=== Section Start ===
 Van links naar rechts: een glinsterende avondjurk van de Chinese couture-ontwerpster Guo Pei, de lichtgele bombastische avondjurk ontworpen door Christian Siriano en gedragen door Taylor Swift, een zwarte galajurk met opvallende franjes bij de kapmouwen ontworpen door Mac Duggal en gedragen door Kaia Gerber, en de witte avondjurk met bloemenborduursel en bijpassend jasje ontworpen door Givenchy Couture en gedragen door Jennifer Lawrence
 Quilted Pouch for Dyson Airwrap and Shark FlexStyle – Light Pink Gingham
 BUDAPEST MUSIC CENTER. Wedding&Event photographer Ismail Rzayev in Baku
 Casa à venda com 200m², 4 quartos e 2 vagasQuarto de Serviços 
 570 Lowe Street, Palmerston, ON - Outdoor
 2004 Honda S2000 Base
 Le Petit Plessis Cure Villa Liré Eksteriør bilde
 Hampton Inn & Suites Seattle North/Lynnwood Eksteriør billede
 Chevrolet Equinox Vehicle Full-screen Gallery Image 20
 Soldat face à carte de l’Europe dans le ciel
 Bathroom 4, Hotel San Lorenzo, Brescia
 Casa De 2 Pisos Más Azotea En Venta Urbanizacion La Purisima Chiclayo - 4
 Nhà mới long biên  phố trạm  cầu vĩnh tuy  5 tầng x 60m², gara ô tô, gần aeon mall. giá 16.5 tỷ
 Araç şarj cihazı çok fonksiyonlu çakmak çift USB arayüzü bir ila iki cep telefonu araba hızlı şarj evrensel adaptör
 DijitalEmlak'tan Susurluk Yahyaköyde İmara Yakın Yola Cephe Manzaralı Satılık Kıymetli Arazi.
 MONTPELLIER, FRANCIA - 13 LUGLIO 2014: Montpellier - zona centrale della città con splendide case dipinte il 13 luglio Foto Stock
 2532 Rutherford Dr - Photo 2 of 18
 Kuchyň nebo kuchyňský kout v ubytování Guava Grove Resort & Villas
=== Section End ===
■ INSTRUCTIONS TO FOLLOW
Word for word, restate the lines above from the line containing "Casa à venda" through the line containing "Hampton Inn &", with both included and nothing else.

■ SOLUTION FOR THIS TASK
 Casa à venda com 200m², 4 quartos e 2 vagasQuarto de Serviços 
 570 Lowe Street, Palmerston, ON - Outdoor
 2004 Honda S2000 Base
 Le Petit Plessis Cure Villa Liré Eksteriør bilde
 Hampton Inn & Suites Seattle North/Lynnwood Eksteriør billede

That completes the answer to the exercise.